The basics of the tragedy:
On June 17, 1816, France’s new Bourbon government dispatched the frigates Medusa, Loire and Echo and the brig Argus to officially receive the British handover of the port of Saint-Louis in Senegal to France. The British, having restored the French monarchy, wanted to show their support for Louis XVIII, and were willing to give him the trading port.
The Medusa was to carry 365 crew and passengers, including Senegal’s governor-designate, Colonel Julien-Désire Schmaltz, from Port de Rochefort on the island of Aix on France’s west coast, to Senegal via Tenerife.
Captain Hugues Duroy de Chaumereys, 53, had spent most of his career sailing a desk at customs offices. His crew was appalled that a man who had never skippered a ship, let alone a fleet, was able to use his royalist connections to secure such a post.

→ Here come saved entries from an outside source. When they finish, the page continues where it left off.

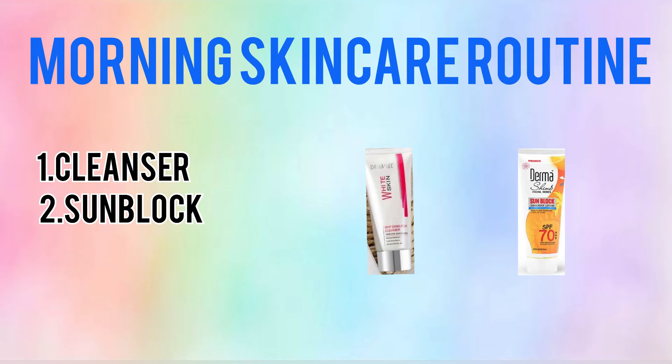Also very important for the morning routine is Dr. Rashiel's sunblock. I recommend using it as part of your morning skincare routine. Make sure you apply it before going out.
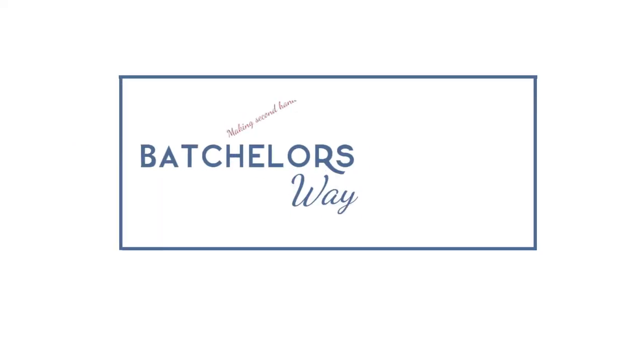Bachelors Way, Making Secondhand Chic. Hi.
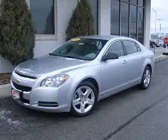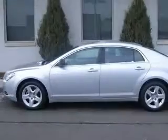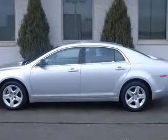We are proud to present this excellent 2009 Chevrolet Malibu. This Malibu has a four-cylinder engine and an automatic transmission.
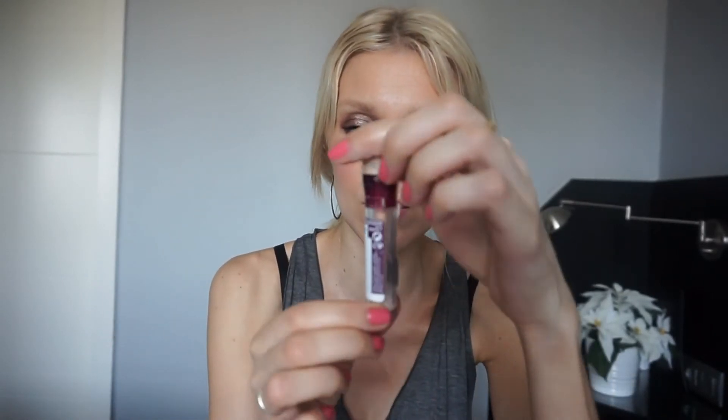Concealer goes without saying — it goes to Maybelline. My favorite concealer is the Age Rewind. I can see it's almost done, I use it so much. I basically use it as my foundation — draw it everywhere I want to cover on a daily basis. It's the best drugstore concealer I've ever come across.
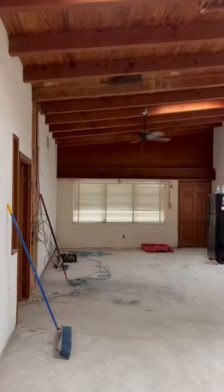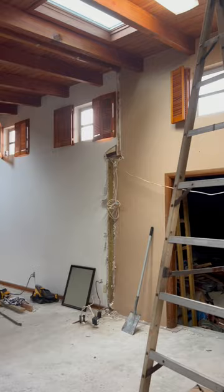The entire inside is now completely demoed. And if you want to see what this house looked like before I completely demoed the inside, go to my last post and check it out.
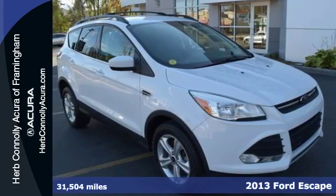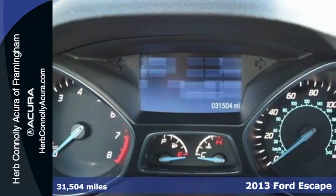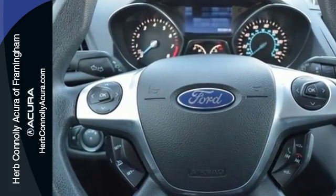Adventure awaits you in this 2013 Ford Escape. On long road trips, you need something to keep everybody entertained. And this Escape makes your trip a little easier with a CD player and steering wheel mounted audio controls.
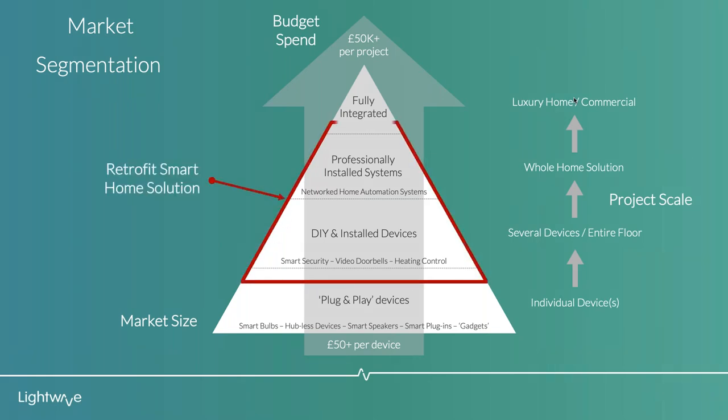The big question is where does a retrofit smart home solution like Lightwave's sit? We actually sit smack dab in the middle of the pyramid and span all four categories. Some of our devices like our hub and our soon-to-be-released wire-free and PIR sensors are battery-powered plug-and-play devices, so we sit just in that top segment of plug-and-play. Because our products are relatively affordable for what they do, and as we move up through DIY and install devices we're all over that, through professionally installed systems and into fully integrated systems - particularly because of the versatility of our power sockets. A lot of high-end home automation brands don't have a solution anywhere near as versatile as what our power sockets can do.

Schmaltz wanted to reach St Louis as fast as possible, and against the objections of the crew, de Chaumereys plotted a course dangerously close to the shoreline. Within days mishaps seemed to presage disaster: a cabin boy was lost overboard; De Chaumareys quarrelled with his crew and passengers; the faster Medusa left the rest of the fleet behind.
On the morning of July 2, poor seamanship and worse navigation ran the Medusa aground in calm seas and clear weather on what was most likely the Arguin Banks off the coast of Mauritania. The hole in its hull was irreparable.
The next day the weather fouled as realisation set in that the four (some sources say six) lifeboats were wholly inadequate.
A raft measuring roughly 65 by 23 feet was built of masts and crossbeams and seats allotted. The ship was abandoned, 17 holdouts still aboard. The lifeboats were to tow the raft, which was carrying 150 passengers with a naval officer in command.
By the time of a third of the raft occupants had boarded it, however, it was underwater. Food supplies were jettisoned in a bid to float it, and it rose to within a metre of the surface, good enough, they supposed, to set off.
The semi-submerged, heavily laden raft naturally proved a hard pull. It didn’t take long for those on the lifeboats to decide, for reasons later encapsulated as “self-interest, incompetence, misfortune or seeming necessity”, to cut the ropes, four miles offshore.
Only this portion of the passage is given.